Added job table, for deferred processing of jobs. The immediate application is to...
authorTim Starling <tstarling@users.mediawiki.org>
Fri, 24 Feb 2006 01:56:31 +0000 (01:56 +0000)
committerTim Starling <tstarling@users.mediawiki.org>
Fri, 24 Feb 2006 01:56:31 +0000 (01:56 +0000)
RELEASE-NOTES
includes/DefaultSettings.php
includes/JobQueue.php [new file with mode: 0644]
includes/LinksUpdate.php
includes/Wiki.php
maintenance/archives/patch-job.sql [new file with mode: 0644]

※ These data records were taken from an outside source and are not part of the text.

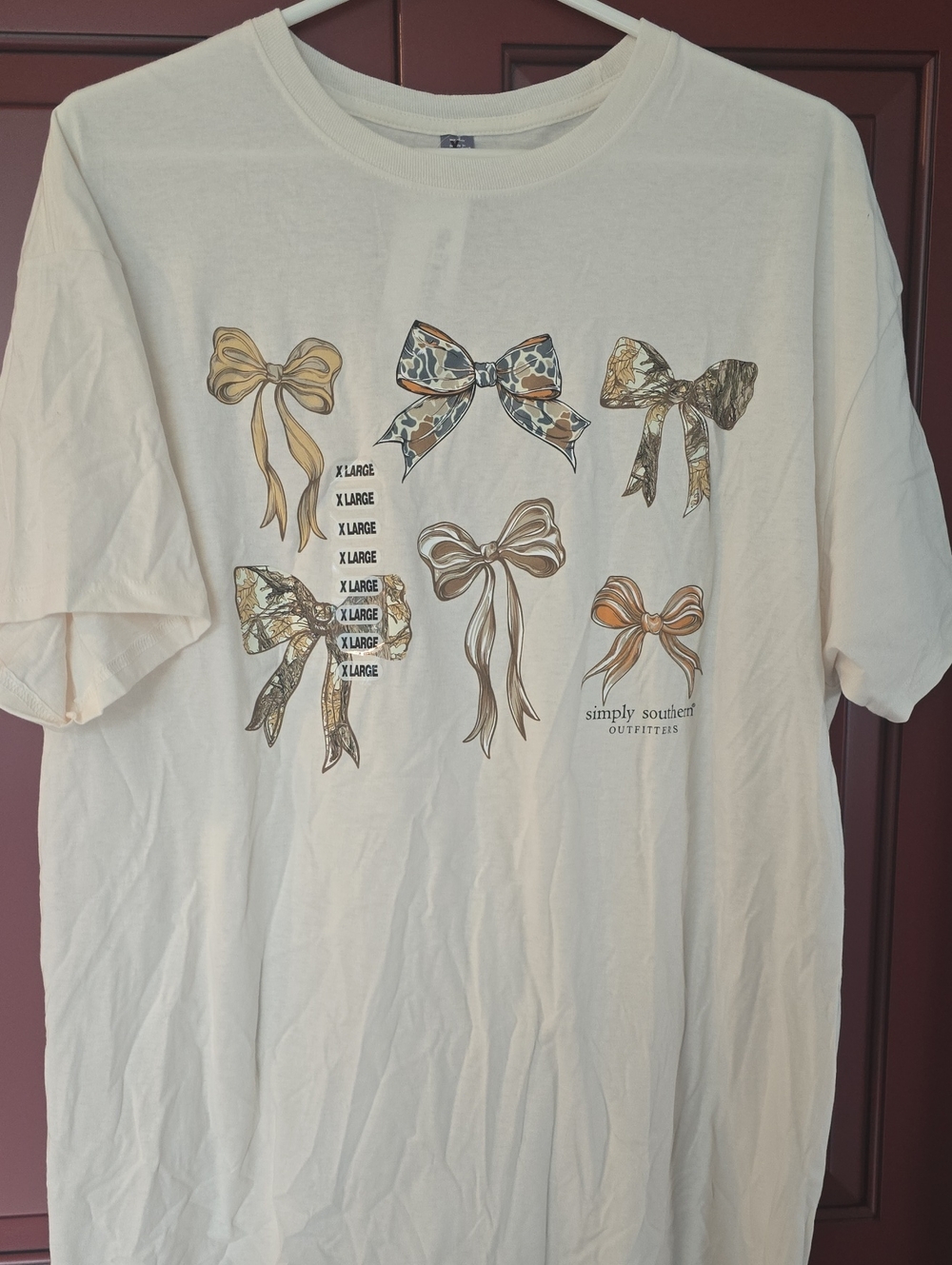 Simply Southern Cream Tee with Gold & Brown Bow Graphics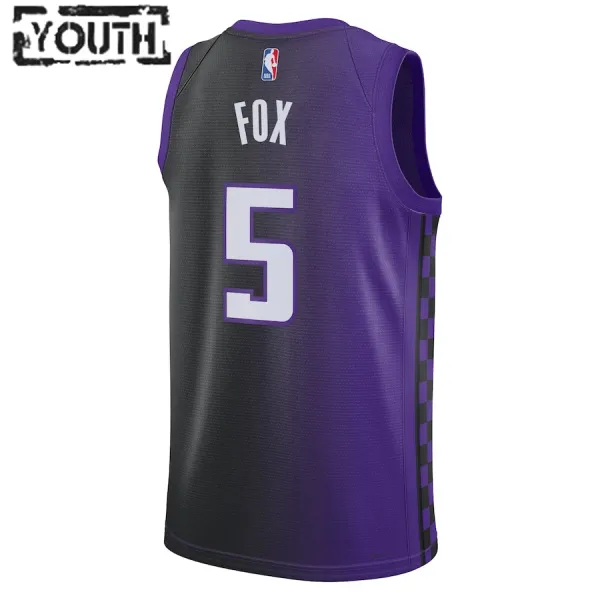 Jordan Dječji Dres Sacramento Kings De Aaron Fox Statement Edition 2023/24 Swingman Ljubičasta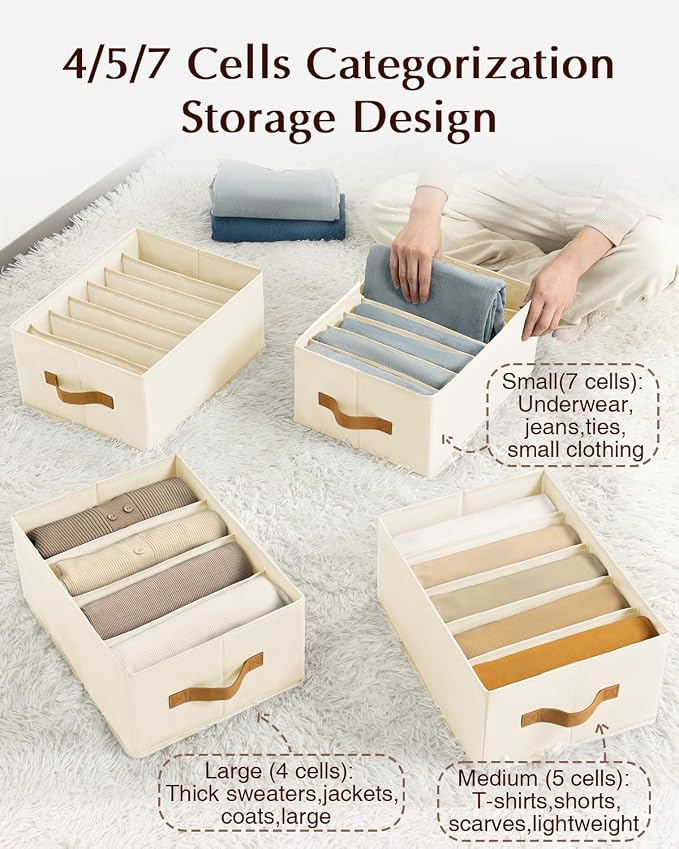 Homsorout Clothes Organizers and Storage - 4/5/7 Grids Fabric Jeans Organizer with Handles, Foldable Closet Organizers Dividers, Wardrobe organizer for Pant, Sweater, T-shirt, Scarf, 3 Pack, Beige - Image 2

maintenance/mysql5/tables.sql
maintenance/runJobs.php [new file with mode: 0644]
maintenance/tables.sql
maintenance/updaters.inc

index e29c0f2..facbf03 100644 (file)
@@ -65,6 +65,9 @@ Database:
 * Respect database prefix in dumpHTML.inc
 * Removed read-only check from Database::query()
 * Added externallinks table, to track links to arbitrary URLs
+* Added job table, for deferred processing of jobs. The immediate application is 
+  to complete the link table refresh operation when templates are changed.
+
 
 Documentation:
 * (bug 3306) Document $wgLocalTZoffset
index 71c81f6..ddbd9cc 100644 (file)
@@ -1865,4 +1865,18 @@ $wgFilterRobotsWL = false;
  */
 $wgAllowCategorizedRecentChanges = false ;
 
+/**
+ * Number of jobs to perform per request. May be less than one in which case
+ * jobs are performed probabalistically. If this is zero, jobs will not be done
+ * during ordinary apache requests. In this case, maintenance/doJobs.php should 
+ * be run periodically.
+ */
+$wgJobRunRate = 1;
+
+/**
+ * Log file for job execution
+ */
+$wgJobLogFile = false;
+
+
 ?>
diff --git a/includes/JobQueue.php b/includes/JobQueue.php
new file mode 100644 (file)
index 0000000..b18a819
--- /dev/null
@@ -0,0 +1,182 @@
+<?php
+
+if ( !defined( 'MEDIAWIKI' ) ) {
+       die( "This file is part of MediaWiki, it is not a valid entry point\n" );
+}
+
+class Job {
+       var $command,
+               $title,
+               $params, 
+               $removeDuplicates, 
+               $error;
+
+       /*-------------------------------------------------------------------------
+        * Static functions
+        *------------------------------------------------------------------------*/
+       /**
+        * Add an array of refreshLinks jobs to the queue
+        * @param array $titles Array of title objects. 
+        * @static
+        */
+       function queueLinksJobs( $titles ) {
+               $fname = 'Job::queueLinksJobs';
+               wfProfileIn( $fname );
+               foreach ( $titles as $title ) {
+                       $job = new Job( 'refreshLinks', $title );
+                       $job->insert();
+               }
+               wfProfileOut( $fname );
+       }
+
+       /**
+        * Pop a job off the front of the queue
+        * @static
+        * @return Job or false if there's no jobs
+        */
+       function pop() {
+               $fname = 'Job::pop';
+               wfProfileIn( $fname );
+
+               // First check to see if there are any jobs in the slave DB
+               $dbr =& wfGetDB( DB_SLAVE );
+               $id = $dbr->selectField( 'job', 'job_id', '', $fname, array( 'LIMIT' => 1 ) );
+               if ( $id === false ) {
+                       wfProfileOut( $fname );
+                       return false;
+               }
+
+               // Pop an item off the front of the queue
+               // Method due to Domas, may not work on all DBMSes
+               $dbw =& wfGetDB( DB_MASTER );
+               $jobTable = $dbw->tableName( 'job' );
+               $dbw->query( "DELETE FROM $jobTable WHERE " .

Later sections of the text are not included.